((
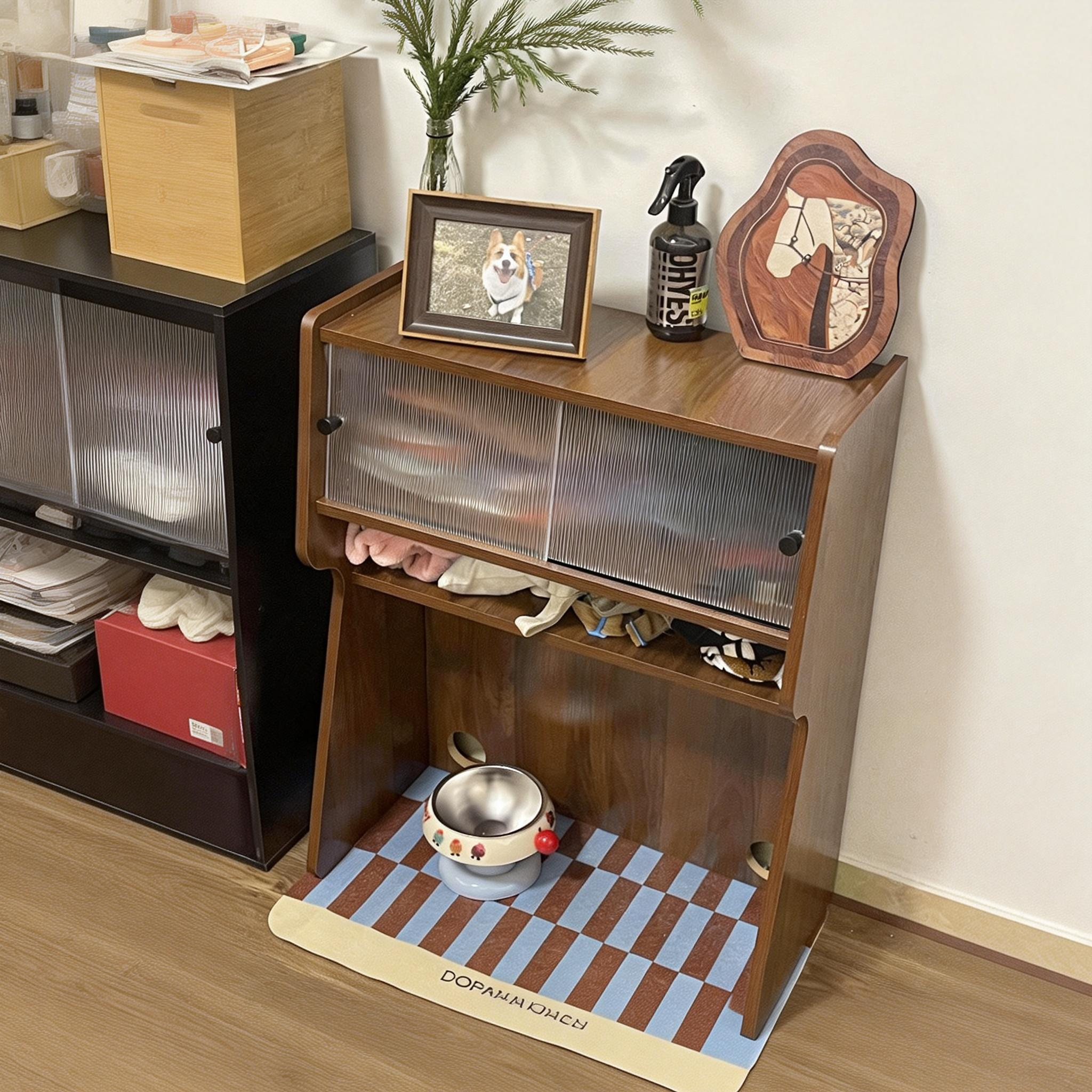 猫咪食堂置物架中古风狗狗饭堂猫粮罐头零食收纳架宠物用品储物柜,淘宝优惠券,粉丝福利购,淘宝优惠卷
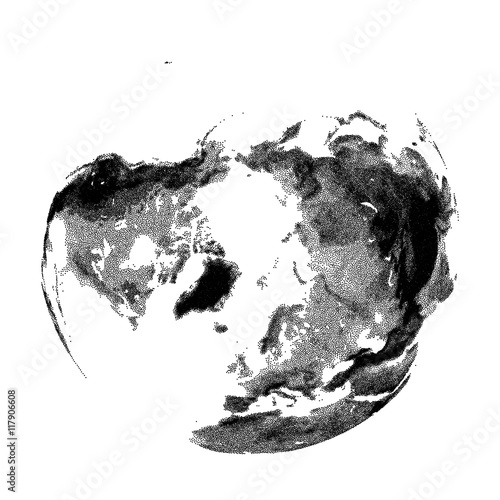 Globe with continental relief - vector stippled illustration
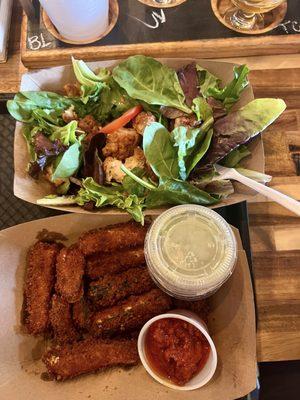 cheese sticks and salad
))
## TRY IT
Restate the material above word for word; pictures do not belong in the copy.

## ANSWER BOX
 猫咪食堂置物架中古风狗狗饭堂猫粮罐头零食收纳架宠物用品储物柜,淘宝优惠券,粉丝福利购,淘宝优惠卷
 Globe with continental relief - vector stippled illustration
 cheese sticks and salad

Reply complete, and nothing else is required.